- [TASK]:
The line containing "Grace Luxury Full" opens the span to copy, and the last line of the records below closes it. Write out that span exactly.
········
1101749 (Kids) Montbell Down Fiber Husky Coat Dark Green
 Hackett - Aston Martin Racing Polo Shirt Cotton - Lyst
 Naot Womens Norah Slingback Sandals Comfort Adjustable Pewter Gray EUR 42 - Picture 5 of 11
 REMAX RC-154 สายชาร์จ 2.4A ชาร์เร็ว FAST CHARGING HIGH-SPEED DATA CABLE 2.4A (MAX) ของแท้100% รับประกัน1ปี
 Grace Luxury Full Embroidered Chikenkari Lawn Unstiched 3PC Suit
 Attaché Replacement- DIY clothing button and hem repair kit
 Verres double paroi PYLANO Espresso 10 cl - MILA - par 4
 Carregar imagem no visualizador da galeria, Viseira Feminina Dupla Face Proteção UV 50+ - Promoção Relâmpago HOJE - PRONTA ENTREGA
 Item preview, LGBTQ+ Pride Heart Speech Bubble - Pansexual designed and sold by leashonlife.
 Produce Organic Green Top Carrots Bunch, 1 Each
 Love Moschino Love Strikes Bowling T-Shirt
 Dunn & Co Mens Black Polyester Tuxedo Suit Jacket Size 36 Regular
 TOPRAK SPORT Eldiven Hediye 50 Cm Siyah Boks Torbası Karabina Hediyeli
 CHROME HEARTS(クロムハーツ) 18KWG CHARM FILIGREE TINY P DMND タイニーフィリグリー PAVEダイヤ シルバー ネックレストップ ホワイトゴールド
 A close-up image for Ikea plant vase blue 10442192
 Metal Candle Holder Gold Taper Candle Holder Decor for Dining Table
········
- [RESULT OF THIS TASK]:
 Grace Luxury Full Embroidered Chikenkari Lawn Unstiched 3PC Suit
 Attaché Replacement- DIY clothing button and hem repair kit
 Verres double paroi PYLANO Espresso 10 cl - MILA - par 4
 Carregar imagem no visualizador da galeria, Viseira Feminina Dupla Face Proteção UV 50+ - Promoção Relâmpago HOJE - PRONTA ENTREGA
 Item preview, LGBTQ+ Pride Heart Speech Bubble - Pansexual designed and sold by leashonlife.
 Produce Organic Green Top Carrots Bunch, 1 Each
 Love Moschino Love Strikes Bowling T-Shirt
 Dunn & Co Mens Black Polyester Tuxedo Suit Jacket Size 36 Regular
 TOPRAK SPORT Eldiven Hediye 50 Cm Siyah Boks Torbası Karabina Hediyeli
 CHROME HEARTS(クロムハーツ) 18KWG CHARM FILIGREE TINY P DMND タイニーフィリグリー PAVEダイヤ シルバー ネックレストップ ホワイトゴールド
 A close-up image for Ikea plant vase blue 10442192
 Metal Candle Holder Gold Taper Candle Holder Decor for Dining Table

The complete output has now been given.